I guess you don’t do much reading, especially in newspapers. “At issue” is a common term used to describe the thing up for debate, that’s undecided.
Let me google that for you: http://bfy.tw/79L2
With respect Brian, isn’t DMARC is just one of the newer tools in the cat and mouse game against SPAM. It doesn’t guarantee that an email came from the real email@example.com, just that it came from a legit bigcompany.com server.
SMTP is not a reliable nor secure transport for sensitive data. Ever. You could pour 1 billion dollars into the perfect email system only to be thwarted by a recipient who plain-text pops their MTA. Bigcompany.com legit server could be sending SPAM in spades all because a user with a jailbroken iPhone (to install early release of Pokemon Go) has malware and their email credentials are floating around the dark web.
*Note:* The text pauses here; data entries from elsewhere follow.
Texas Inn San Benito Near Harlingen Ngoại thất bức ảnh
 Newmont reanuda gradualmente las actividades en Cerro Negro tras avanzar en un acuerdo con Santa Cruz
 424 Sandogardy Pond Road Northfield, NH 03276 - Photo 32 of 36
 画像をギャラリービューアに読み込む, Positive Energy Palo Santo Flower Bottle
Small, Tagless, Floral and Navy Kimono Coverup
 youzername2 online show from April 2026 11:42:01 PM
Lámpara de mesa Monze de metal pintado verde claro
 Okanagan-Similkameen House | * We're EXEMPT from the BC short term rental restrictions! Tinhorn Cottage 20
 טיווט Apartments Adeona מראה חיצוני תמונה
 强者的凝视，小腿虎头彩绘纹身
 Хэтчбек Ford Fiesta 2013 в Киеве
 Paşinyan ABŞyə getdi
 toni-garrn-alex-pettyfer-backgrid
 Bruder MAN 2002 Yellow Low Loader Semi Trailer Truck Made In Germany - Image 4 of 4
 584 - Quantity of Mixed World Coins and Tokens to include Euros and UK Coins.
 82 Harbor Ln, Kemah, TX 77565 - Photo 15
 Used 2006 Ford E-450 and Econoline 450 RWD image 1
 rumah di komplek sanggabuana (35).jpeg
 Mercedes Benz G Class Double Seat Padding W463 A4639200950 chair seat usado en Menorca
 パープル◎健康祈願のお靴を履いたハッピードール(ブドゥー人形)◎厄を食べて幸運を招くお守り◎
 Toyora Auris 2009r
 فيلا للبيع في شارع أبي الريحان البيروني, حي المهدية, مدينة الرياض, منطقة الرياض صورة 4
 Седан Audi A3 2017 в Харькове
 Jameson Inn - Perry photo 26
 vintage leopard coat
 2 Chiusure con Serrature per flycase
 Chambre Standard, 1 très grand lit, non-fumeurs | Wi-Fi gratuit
Another thing I thought was that you’re testing the public facing website domains only. For presidential candidats, I’d expect their security team to at least have suggested using a domain that’s less known out of official circles for sensitive email. That said though, you’re probably right, just don’t take it for granted.
If you want to authenticate a sender and it’s content, they should either sign or encrypt it within the SMTP wrapper. We’re going to have to use this method until an acceptable Secure SMTP protocol RFC is submit.